In contrast, I’m going to associate enthusiasm with the extrapyramidal system and its central correlates (such as the basal ganglia). Clapping is a form of social signaling, and primates do quite a bit of that. I thus speculate that this behavior is neurally grounded in some form of primate signaling that is most likely mediated by the limbic system.
This suggests an neural interpretation of the alternation between loud random clapping and synchronized clapping. Rather than thinking of this message as being about the performance (loud) and the group (synchronized) we could think of it as being about the limbic system (loud) and the neocortical system (synchronized). How do we decide between these two alternatives, and any others that might be suggested? I suspect that this question is ill-posed. All we’ve got in the signal is an alternation between two modes. That alternation results from the overall properties of the behaving system rather than being explicitly controlled by some switching mechanism. We can examine the system and, on the basis of that examination, derive whatever labels we wish for the two modes. But those labels are just conveniences for us, the analysts and modelers. From the point of view of the individuals in the behaving system all we’ve got are two different modes. No more, but also, no less.

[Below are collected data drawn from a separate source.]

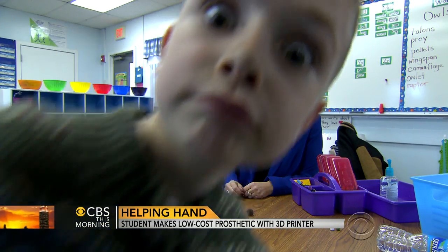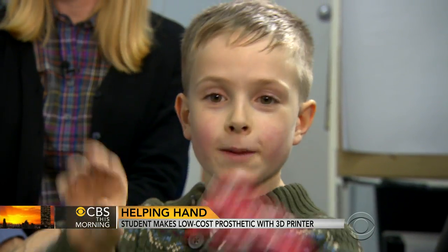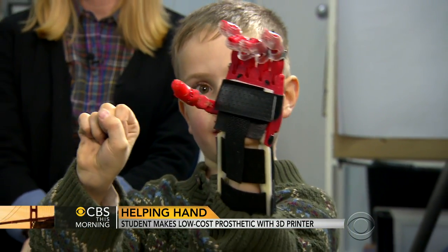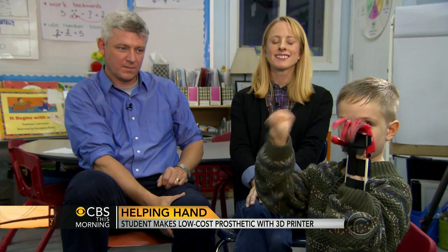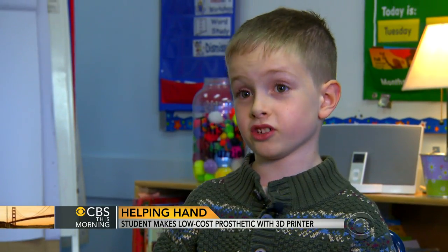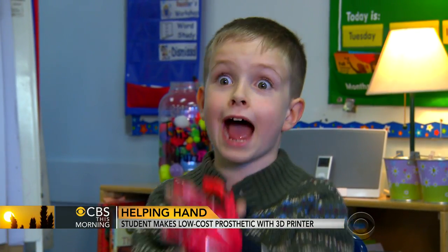Ask first grader Holden Mora how his new hand works and he'll be happy to demonstrate. When I bend my hand in like this, it closes. When I bend it this way, it opens. At seven years old, he's become an expert on the workings of this novel device made out of plastic for roughly $20. It's an amazing $20 — normally the materials cost a lot, about like a thousand.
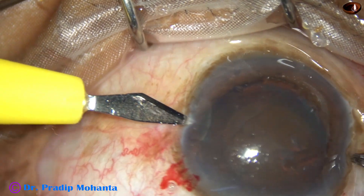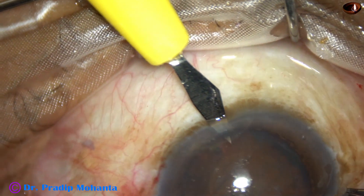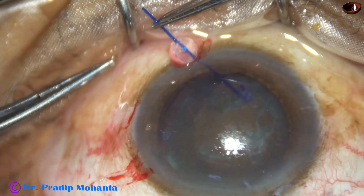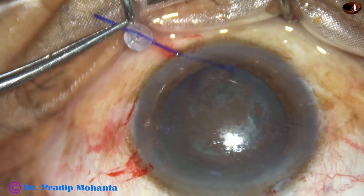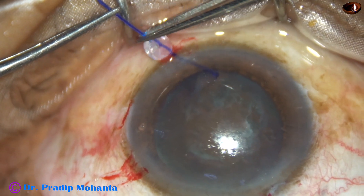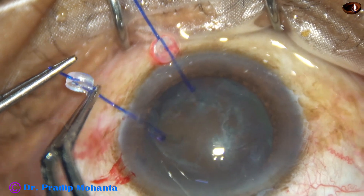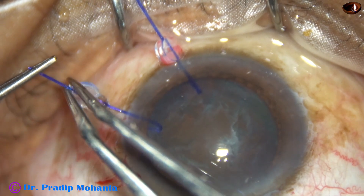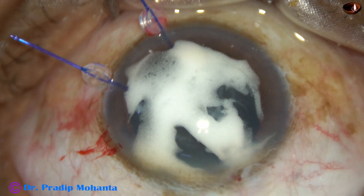Two small stab incisions are made at 3:30 o'clock and 5 o'clock to apply two iris hooks. The capsular hooks will not go in — there is no space — and I had to struggle a lot to apply these two iris hooks to hook the capsular margin. This will give vertical support; the capsular tension ring has given horizontal support.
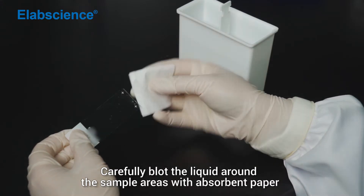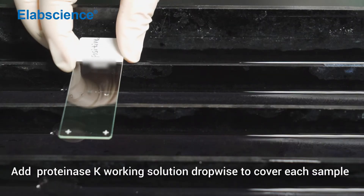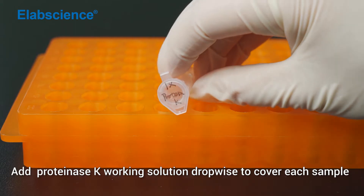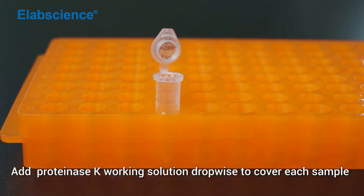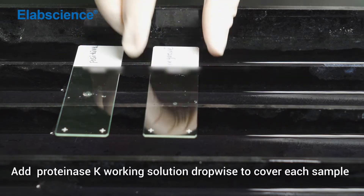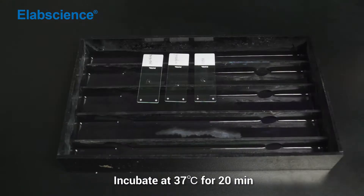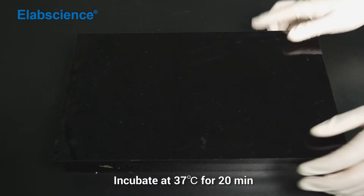Carefully blot the liquid around the sample areas with absorbent paper. Add PLoDSK working solution dropwise to cover each sample. Incubate at 37 degrees for 20 minutes.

I suggest finally that the entire behavioral complex displays a form of social interaction that is uniquely human. This social interaction is not mediated by some specific “mental module” but by a pattern of functional interconnections that extends throughout the brain. It is the entire pattern that is the locus of specifically-human sociality, not any one neural center implicated in that pattern. The interesting feature of that pattern is the relationship between the cortical and subcortical structures, between the phylogenetically new and the phylogenetically old.
I speculate that all of the relevant neural structures predate the final emergence of modern human behavior patterns. The emergence of this form of social interaction thus has no particularly strenuous genetic requirements. It would seem to be something that just emerged when, somehow, some individuals first “captured” the possibility of synchronizing their repetitive moves, thus bringing about a new pattern of neuro-muscular interaction.
I note that this activity is intrinsically a group activity. An isolated individual can be enthusiastic about a performance they’re watching on TV, for example, and express that enthusiasm but jumping up and down and hooting and hollering. But there’s no group around with which they can express solidarity through synchronized clapping.
Thus, this example takes us into the realm of memes, the building blocks of collective culture, which I’ve been discussing in another series of posts. What about the oscillation between these two modes of clapping: Is that memetic?